WHAT YOU ARE ASKED TO DO: The required answer is the data below, restated word for word with images omitted.

INFORMATION SHOWN:
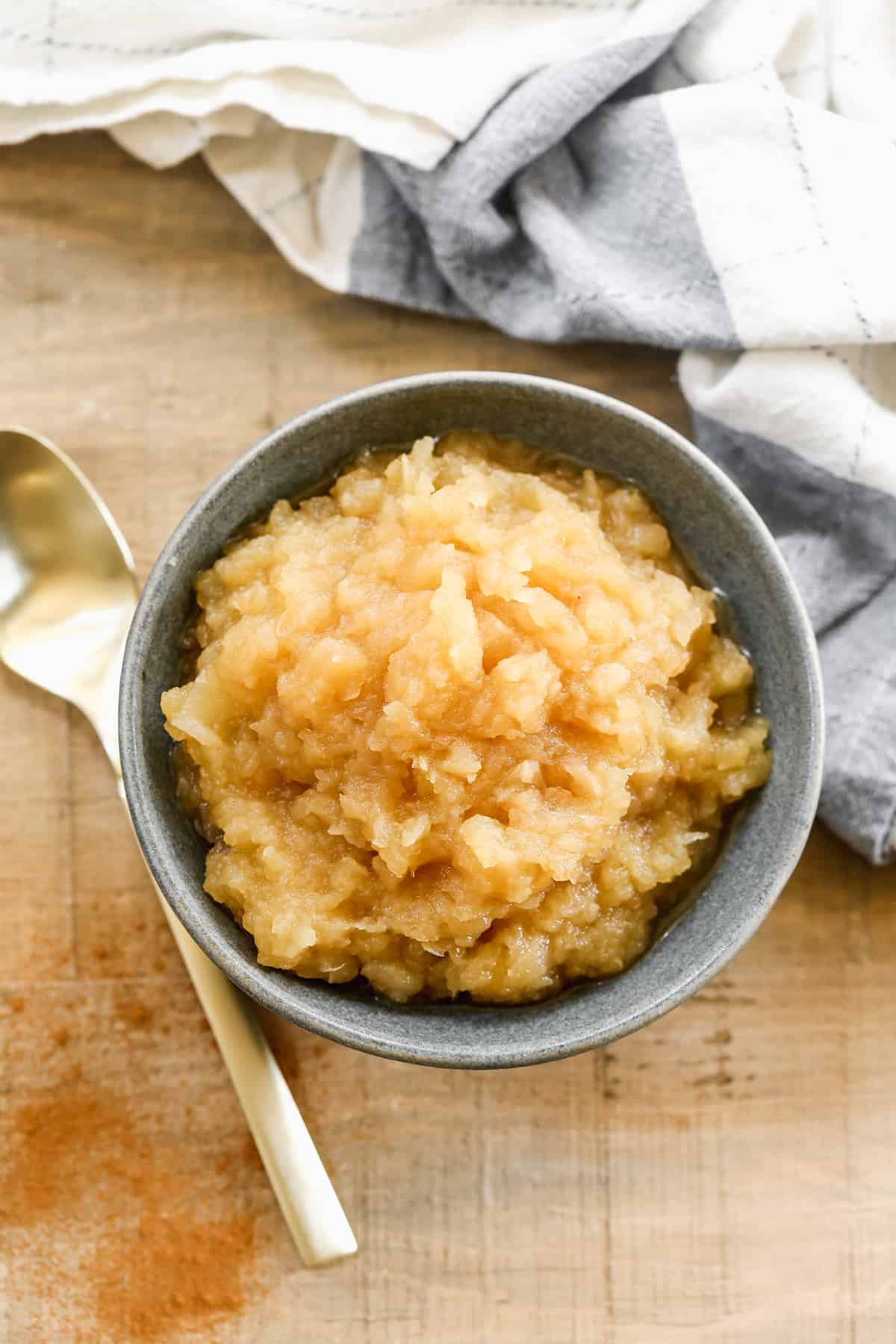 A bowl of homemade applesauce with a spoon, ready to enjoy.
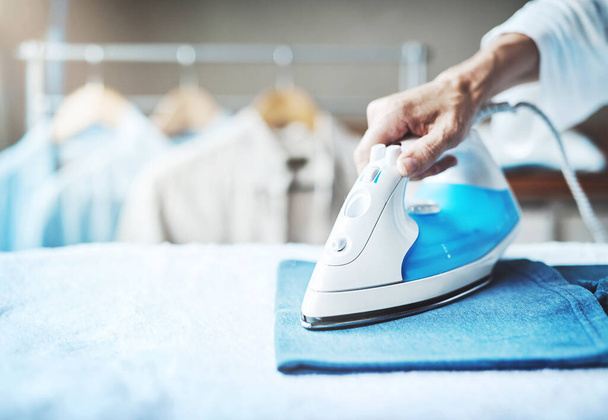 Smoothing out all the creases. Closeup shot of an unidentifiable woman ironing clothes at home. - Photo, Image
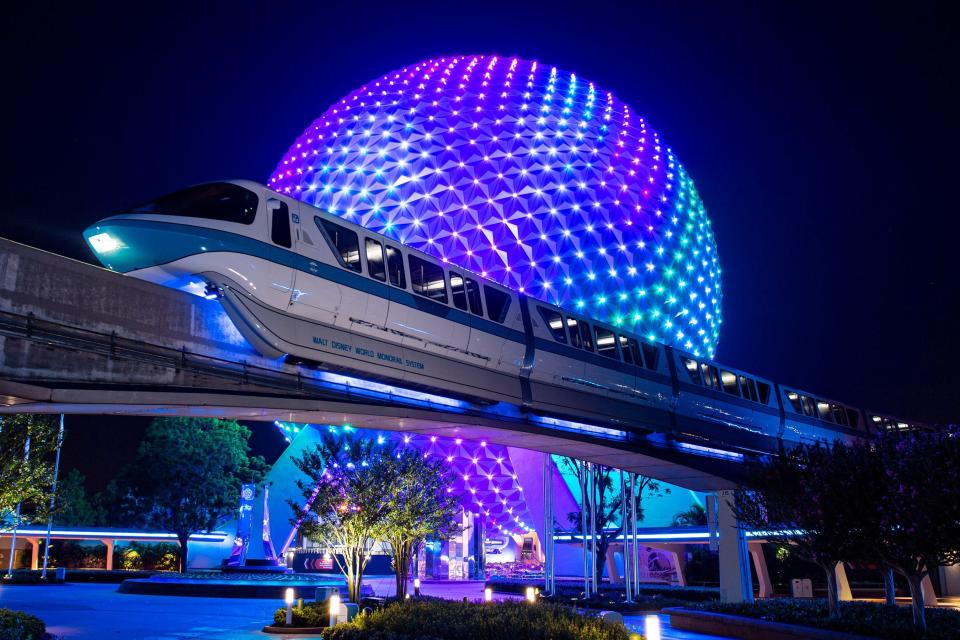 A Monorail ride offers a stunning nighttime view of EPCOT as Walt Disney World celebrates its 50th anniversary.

WRITTEN ANSWER:
 A bowl of homemade applesauce with a spoon, ready to enjoy.
 Smoothing out all the creases. Closeup shot of an unidentifiable woman ironing clothes at home. - Photo, Image
 A Monorail ride offers a stunning nighttime view of EPCOT as Walt Disney World celebrates its 50th anniversary.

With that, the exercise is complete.